仮想サーバーの仕様や運用方法の標準化が問われる

 まず、IDCフロンティアの大屋氏が、「クラウドを契約するユーザーは、仮想サーバーのリソースの実態を判断しにくい」という問題点を挙げた。IaaSベンダー各社が公開しているメニューだけでは、仮想サーバーの性能、可用性、機能上の制約(仮想IPアドレスを割り振れるかなど)といった情報が分かりづらい、という問題である。

 アイ・ティ・アールの金谷氏も、これに同調。ハードウエアやソフトウエアスタックの種類を公開していないIaaSベンダーが多いとした。仕様表の読み方もIaaSベンダーによってまちまちであり、例えば「VCPU」という表現をどう解釈すべきかが異なるという。CPUの型番や動作周波数、コア割り当てなどの細かな表記がIaaSベンダーによって異なるという。

 こうした違いについてDMTFの松本氏は、「複数のサービスを比較検討できるようにするには、標準化が重要」と説く。

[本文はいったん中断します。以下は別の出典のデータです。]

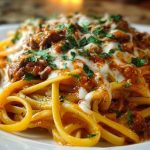 Creamy Velveeta Linguine with Italian Beef Marinara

まずは、仕様表の読み方(表現方法)についての標準化が大切であり、さらにベンダーによるロックインから逃れるために仮想サーバーの実現方法や運用方法の標準化が必要になるとした。

 実際にさまざまなユーザー企業やベンダーを見てきたアイ・ティ・アールの金谷氏は、「運用方法は、ベンダーごとにバラバラなのが実状」と指摘。監視方法、ハードウエアの保守方法、インシデントの解決方法などが異なるという。

リソースプールの管理が必要に

 物理サーバーと仮想サーバーの運用方法の違いについては、仮想サーバーの目的あるいは利点、すなわち「サーバー集約による余剰リソースの削減=利用率の向上」がポイントになる。物理サーバーの時代は利用率に余裕を持ってサイジング(容量設計)するのが当たり前だったが、仮想サーバーでは無駄をなくすことが重要になる。

 アイ・ティ・アールの金谷氏は、仮想サーバーならではの管理負荷として、「リソースプールの管理作業が新規に発生する」ことを挙げた。「サービスカタログ/メニューの標準化」が必要になるほか、可用性(SLA)の違いに応じて複数のリソースプールを用意しておき、これらをそれぞれのメニューから使い分ける、という運用方法にすべきだという。

 IDCフロンティアの大屋氏は、共有型で厳密なSLAがないパブリッククラウドを運用している立場から、ユーザーが知らないところで、ユーザーごとのリソース使用状況を分析し、空いているリソースを生かして、上手にリソースを割り振っている。ユーザーは最初からリソースに余裕を持って契約するわけではないので、結果としてリソースの利用率は高めになっているという。